### Instructions for the task
Starting at the line that contains "(gokou ruri), One" and stopping at the line that contains "SANWA 火災予防タップ ホワイト 6個口 5m", restate each line of the records below exactly. Omit the pictures.
===== Supplied material
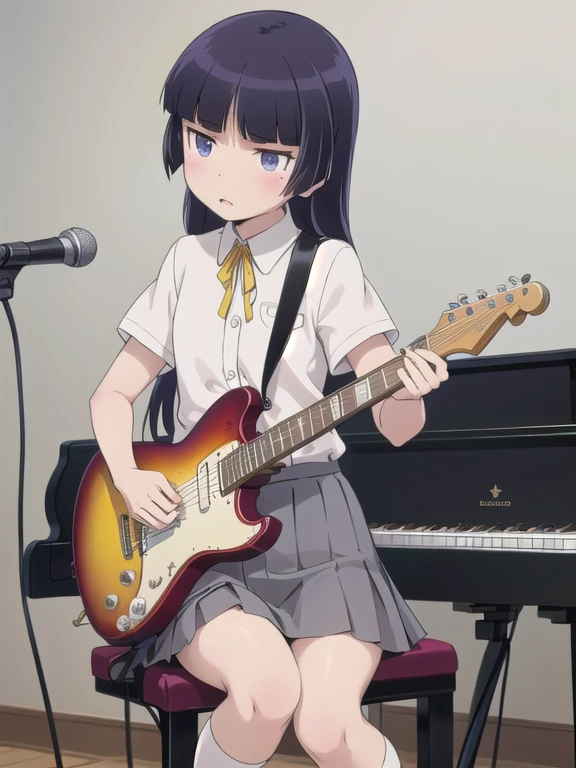 highest quality, Very detailed, 
School, music room, Brass band、Old Chair、musical instrument, Electric guitar, Performance, 
(gokou ruri), One girl, alone, Black socks, Short sleeve,  Grey Skirt, (Medium skirt), Box Pleat Skirt, Hime cut, tuck in, Collared shirt, Yellow ribbon, blue eyes, plain attire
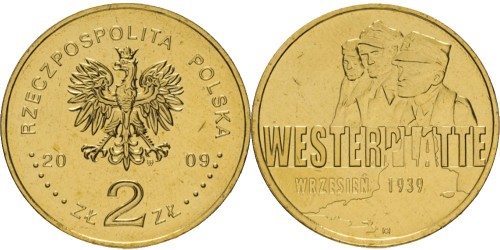 2 злотых 2009 Польша — Оборона Вестерплатте в сентябре 1939
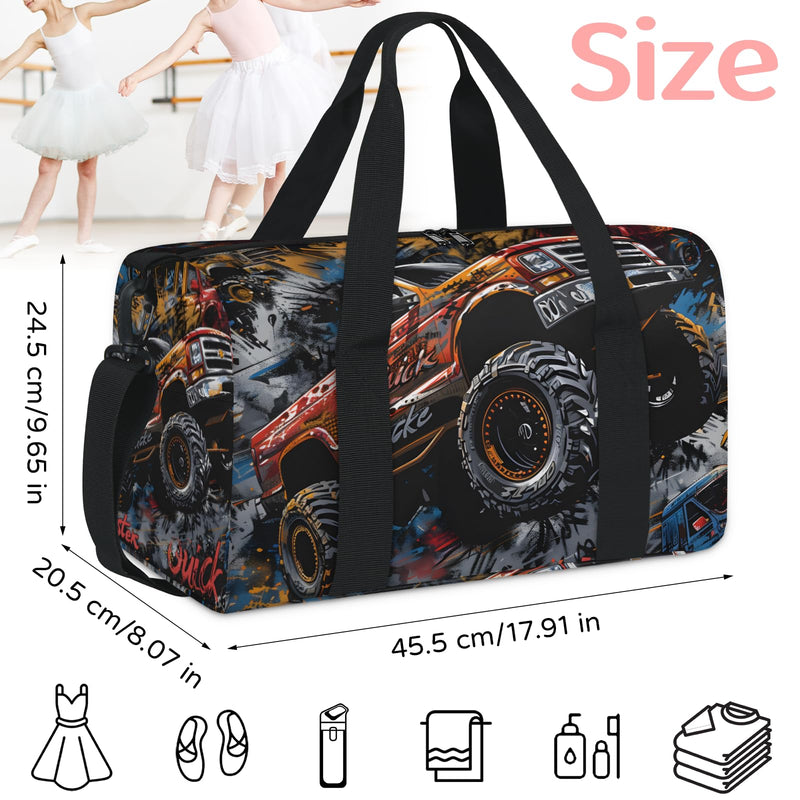 Sports Duffle Bag, Small Gym Bags With Zipper, Ballet Dance Bag for Girls, Workout Soccer Bags for Boys Weekend Overnight Shoulder Carry-On Travel Tote (Trucks)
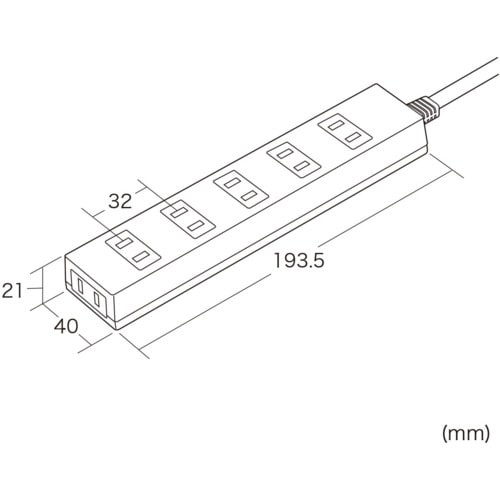 SANWA 火災予防タップ ホワイト 6個口 5m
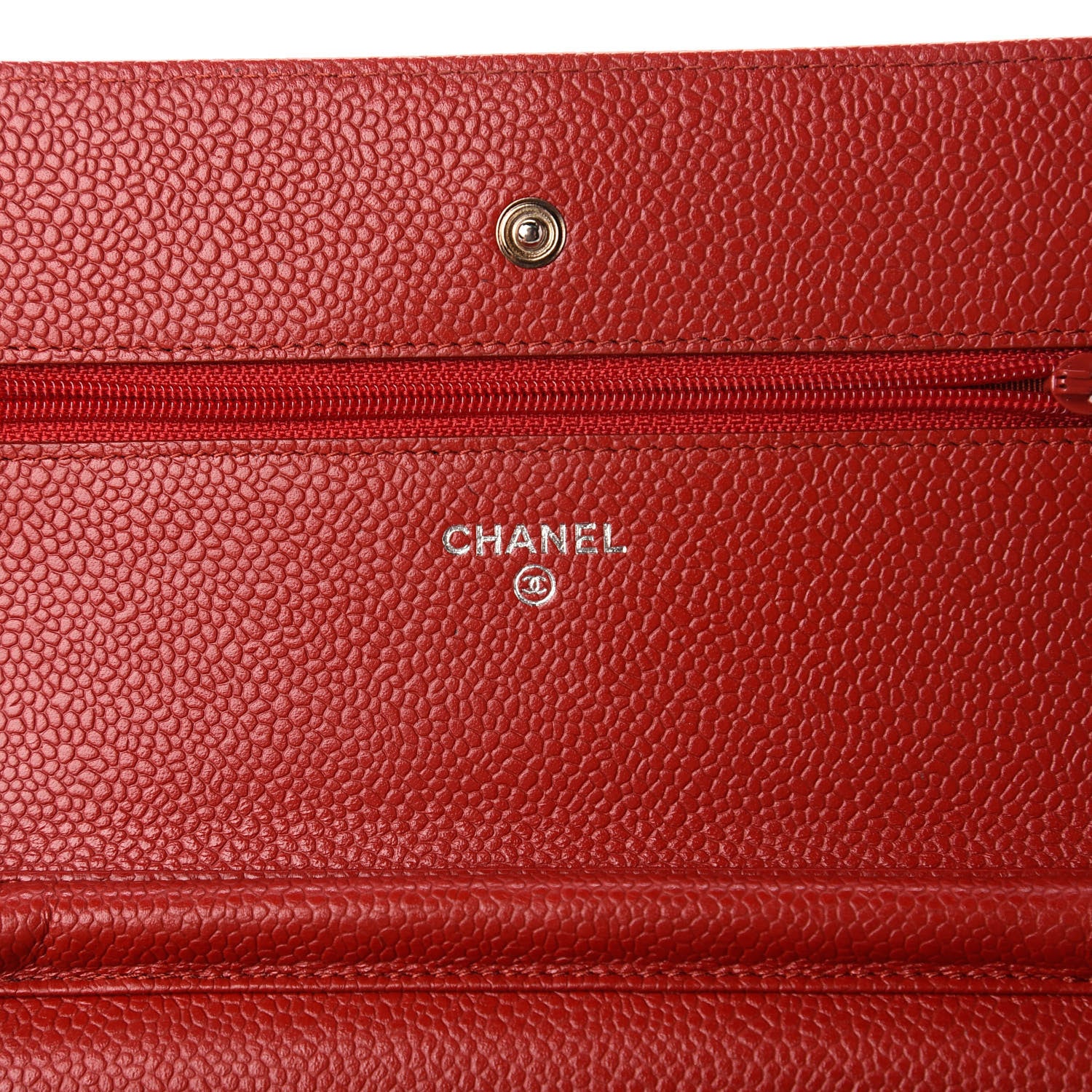Chanel Caviar Quilted Wallet On Chain WOC Dark Red 8 of 12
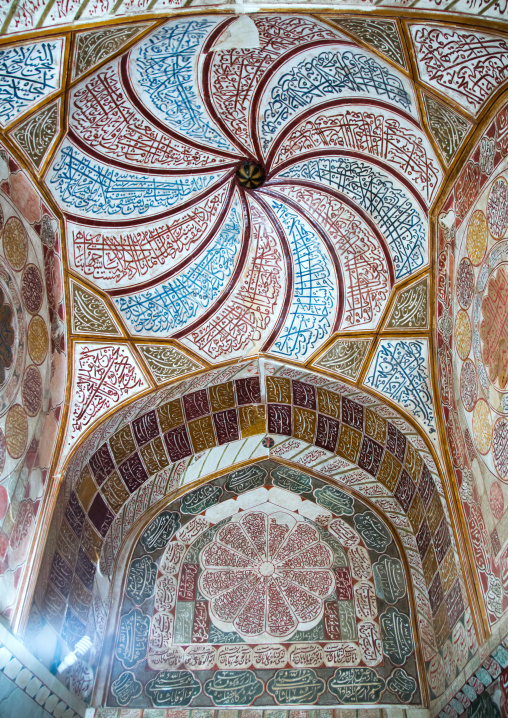 elaborate decorations of the meditation room of the tomb of shah nematollah vali, Kerman province, Mahan, Iran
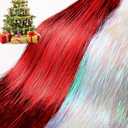 Lyrow 20000 Strands 20" Christmas Tinsel Icicle Strand Garlands Iridescent Xmas Tree Tinsel Strands Christmas Tree Decoration Holiday Birthday Supplies(Red, White)
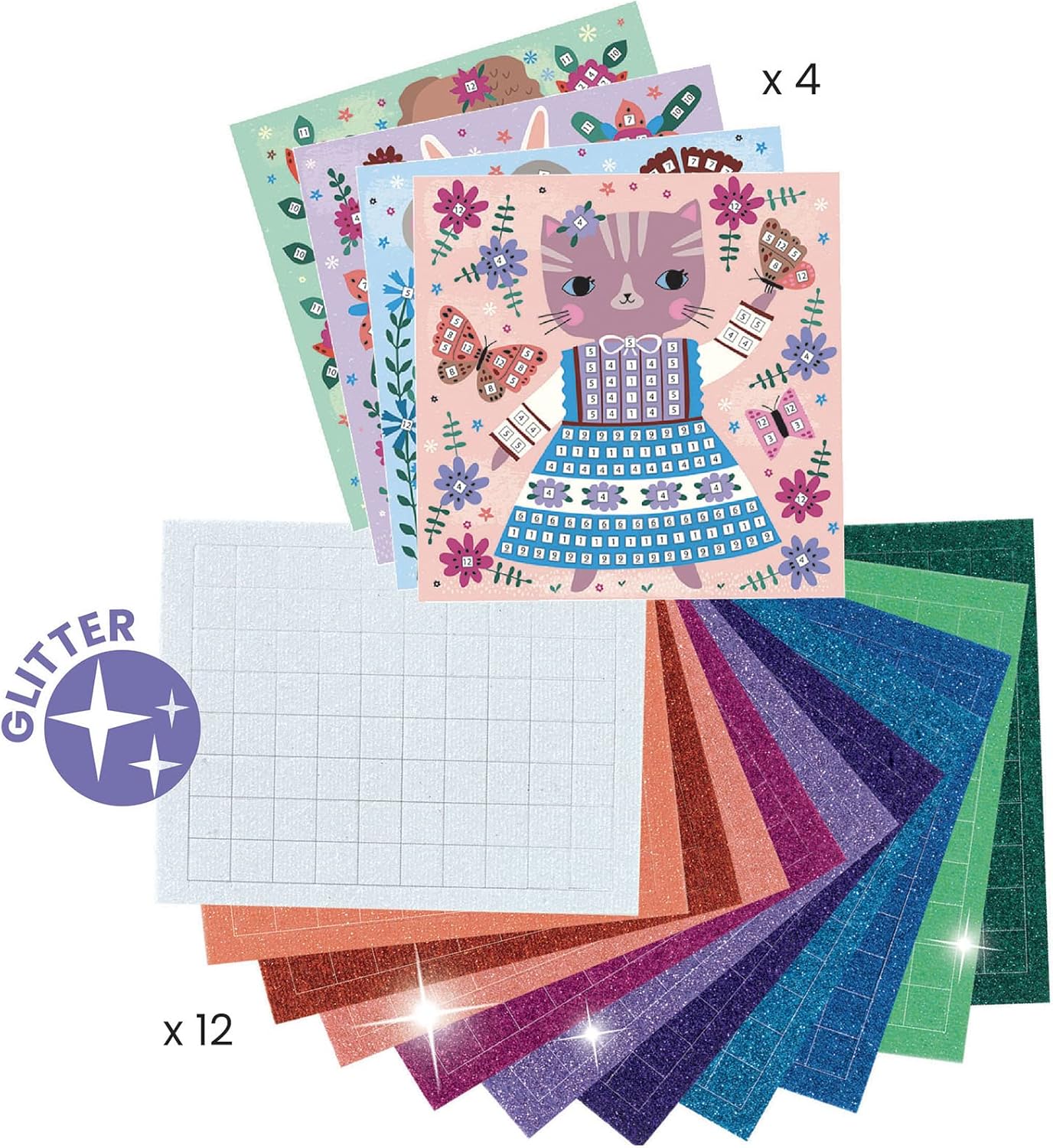 Djeco Mosaic Glitter Craft  Kit  – Lovely Pets - Image 3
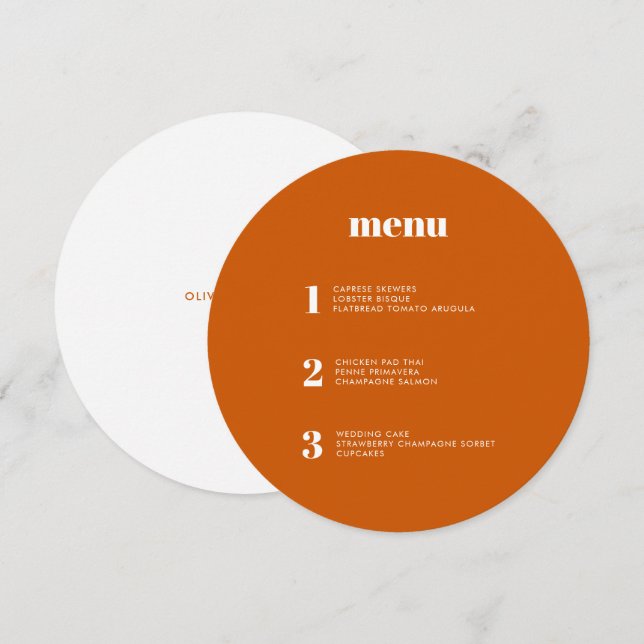 Modern minimal bränd Orange runda Bröllop Meny (Fram/baksida)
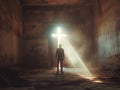 Man Before the Cross in Abandoned Building Royalty Free Stock Photo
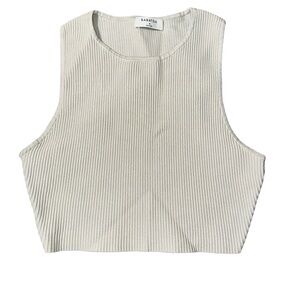 Babaton Cream Ribbed Sleeveless Crop Top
==========
### Solution for this task
(gokou ruri), One girl, alone, Black socks, Short sleeve,  Grey Skirt, (Medium skirt), Box Pleat Skirt, Hime cut, tuck in, Collared shirt, Yellow ribbon, blue eyes, plain attire
 2 злотых 2009 Польша — Оборона Вестерплатте в сентябре 1939
 Sports Duffle Bag, Small Gym Bags With Zipper, Ballet Dance Bag for Girls, Workout Soccer Bags for Boys Weekend Overnight Shoulder Carry-On Travel Tote (Trucks)
 SANWA 火災予防タップ ホワイト 6個口 5m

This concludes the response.